Tanzimat fermanalarının ve tanzimat döneminin lehinde söylenebilecek tek şey, şudur ki, bu dönem zarfında "... kafalarda ve bilinçlerde o an için olmasa bile zamanla etkisini yavaş yavaş yürüterek sonunda mevcut siyasal rejimin ağırlığını ve ülkenin sosyal ve siyasal durumunun yaratacağı tehlikeyi sezebilen bir zümre ortaya çıkarmıştır."

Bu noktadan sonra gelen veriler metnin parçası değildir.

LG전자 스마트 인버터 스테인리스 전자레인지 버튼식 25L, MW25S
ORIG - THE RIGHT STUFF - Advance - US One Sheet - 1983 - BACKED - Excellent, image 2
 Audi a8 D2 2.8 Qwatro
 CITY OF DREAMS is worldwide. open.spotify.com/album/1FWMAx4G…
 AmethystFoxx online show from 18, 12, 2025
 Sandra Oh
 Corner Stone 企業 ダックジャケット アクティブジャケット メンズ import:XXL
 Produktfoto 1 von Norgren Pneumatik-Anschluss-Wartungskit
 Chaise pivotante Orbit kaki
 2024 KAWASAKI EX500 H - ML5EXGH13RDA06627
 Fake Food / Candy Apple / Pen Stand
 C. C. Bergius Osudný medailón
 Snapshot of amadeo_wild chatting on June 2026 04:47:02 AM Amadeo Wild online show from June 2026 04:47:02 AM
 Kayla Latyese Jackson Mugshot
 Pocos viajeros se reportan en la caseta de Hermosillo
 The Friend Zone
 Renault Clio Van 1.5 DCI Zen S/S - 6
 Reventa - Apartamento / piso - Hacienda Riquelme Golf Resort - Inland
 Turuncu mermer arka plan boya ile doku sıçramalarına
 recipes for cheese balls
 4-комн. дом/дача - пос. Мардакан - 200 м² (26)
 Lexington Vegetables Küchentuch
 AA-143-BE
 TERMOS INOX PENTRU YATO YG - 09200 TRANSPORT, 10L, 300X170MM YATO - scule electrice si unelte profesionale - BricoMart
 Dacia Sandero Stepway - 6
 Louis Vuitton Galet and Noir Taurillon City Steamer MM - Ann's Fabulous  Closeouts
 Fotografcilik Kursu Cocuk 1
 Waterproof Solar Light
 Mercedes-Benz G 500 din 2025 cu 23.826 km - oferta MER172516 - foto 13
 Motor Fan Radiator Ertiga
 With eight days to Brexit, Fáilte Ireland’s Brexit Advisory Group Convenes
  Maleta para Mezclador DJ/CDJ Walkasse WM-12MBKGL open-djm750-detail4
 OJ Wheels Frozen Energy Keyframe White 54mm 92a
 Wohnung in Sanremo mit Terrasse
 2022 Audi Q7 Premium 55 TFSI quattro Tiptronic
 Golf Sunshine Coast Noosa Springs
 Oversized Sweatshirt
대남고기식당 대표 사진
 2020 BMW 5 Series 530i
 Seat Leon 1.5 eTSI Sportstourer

Daha başka bir deyimle tanzimat dönemi Meşrutiyet rejiminin kurulabilmesini sağlayan koşulları zümreyi ve havayı hazırlamıştır."(s. 26)

 

TANZİMAT FERMANI VE İNSAN HAKLARI.

İNSANLIĞIN EBEDî NİZAMI İSLÂMİYET'TİR.

 

Tanzimat Fermanı, teşbihte hata olmazsa, karakollarda yapılan işkenceler ile, işlenmemiş suçlar üzerine itiraf ettirilerek yaptırılan bir 'işlenmemiş suçlar fermanı'dır.

Tanzimat Fermanı ile düzeltileceği belirtilen hiçbir durum ve fiil Osmanlı yönetiminde yoktur. Osmanlılar'ın özellikle 'insan hakları' diye bir problemi yoktur. Çünkü zaten insan hakları hiçbir din, dil ve ırk ayırımı gözetilmeksizin en geniş ve olumlu şekliyle vardır. Fermanda zikredilenler, Batılıların kendi ülkelerinde varolan problemlerin Türkiye'de de olduğunu varsayarak, vehmederek veya bilerek ve kasıtlı olarak Osmanlı yönetimini aynı şeylerle suçlayıp ortadan kaldırmak için casus elçilerin dikte ettirdikleri ferman maddeleridir. Hayalî suçların tanzimi fermanıdır.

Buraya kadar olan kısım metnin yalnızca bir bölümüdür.